The Swans whittled the quarter time deficit with the next six scores. Hayward made gold from straw with a pressure ball stolen by Cunningham’s intent. Blakey steamed onto a Cunningham pass but leaned it left. While the forwards were full of zip, Florent and Aliir were showing defensive ferocity, Rampe was designing again and the Swans looked target centric. Blakey finally guided an opportunistic curl and Gray cherried a stunning pass from Florent. Rory Sloane was able to interrupt the Swans with a goal and his own ‘Yeah baby!’. But the red and white rolled their lead onwards. When McInerney handed a stunner to Heeney I verbalised for the first time this season! ‘Oooh,’ I cried to no-one as the margin went eight points clear.

I leapt up to cook in the break. ‘Life goes on’ is what we’re all trying to believe these days. But putting the dinner on is now the equivalent of half-time bevvies and catch up with the O’Reillys. More questions swooped as I crushed the garlic and stripped the oregano stalks. Is intensity built on brute competitiveness or somehow on solidarity too? Will the advantage of a home ground become irrelevant without its parochial voices? Do players actually kick straighter without the crowd? I guess the sports and behavioural scientists will have a field day.

And what about the players? They are in their own kind of isolation for not being part of the newly normal distant – a unit of men asked to continue portraying ‘life as normal’ when all of us around them are changing our ways. I wonder how they feel about it, carrying on for our ‘common good’.
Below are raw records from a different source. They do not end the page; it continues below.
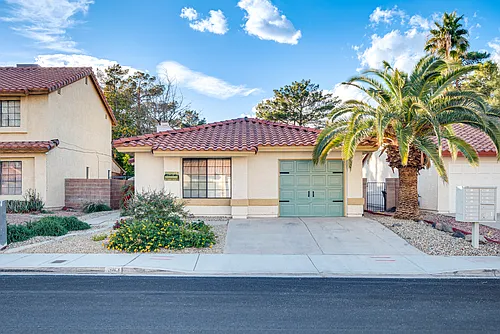 383 Manzanita St Photo 1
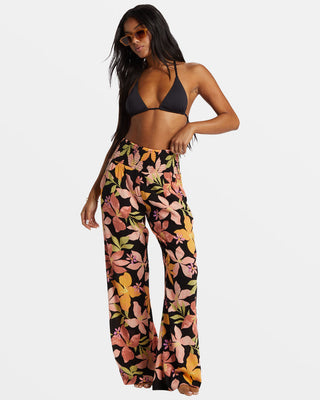 Billabong New Waves 2 Wide-Leg Pants in Kiss The Earth with high-rise waist, crinkle fabric, and relaxed fit.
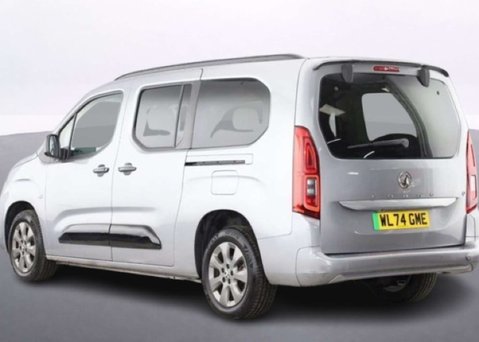 Vauxhall Combo Life 52kWh Ultimate XL MPV 5dr Electric Auto (7.4kW Charger) (136 ps) 5
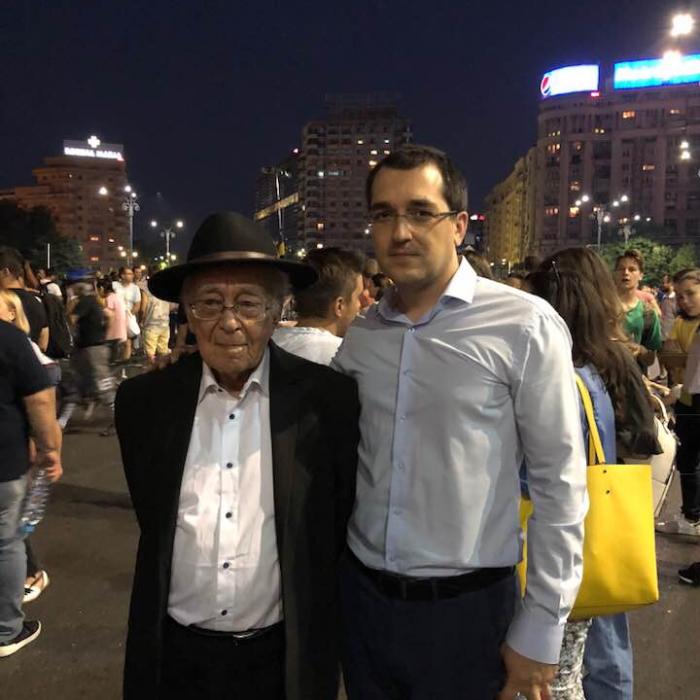 Filosoful Mihai Șora, AGRESAT de jandarmi la protestul din Piața Victoriei: Mișcă-te mai încolo, moșule!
I wandered back into Living Room Stadium to see Isaac Heeney on the screen and the score at 64-49. Cuddles (as Gwen from Row T calls him) was the joy of the game. He looked like the Ryan O’Keefe we’ve often imagined him to be – fast, regularly airborne and correct. While Papley folded himself around the post, Cuddles stalled the line ball for a score. There was an urgency, energy and lightfootedness that I don’t remember from last year. I stirred the dinner and reappeared to a super tackle from Ronke. A body fling from McInerney to whip the ball forward again. The Swans looked systematic even when it was chaotic down back, like someone would be there when one of them turned looking. The blood pressure spiked momentarily when Tex lined up on the 50, but the three points stayed our way. The cat rolled in the bean bag. It was dark outside. Thanks, fellas.

Ironically, Canetti’s antidote to the fear of being touched by the unknown is to join a crowd: ‘As soon as a man has surrendered himself to the crowd, he ceases to fear its touch.’ That’s the way it has been for footy supporters, season upon season. But in 2020, we know that the one thing which may help us to avoid the contact of the invisible unknown we are being touched by is not to be a crowd. A mind-bending paradox that the togetherness which has so often salved is the thing which threatens us for now.

We have a perfect win record by the time the season is postponed on Sunday. It’s a new world. And a very new season of footy.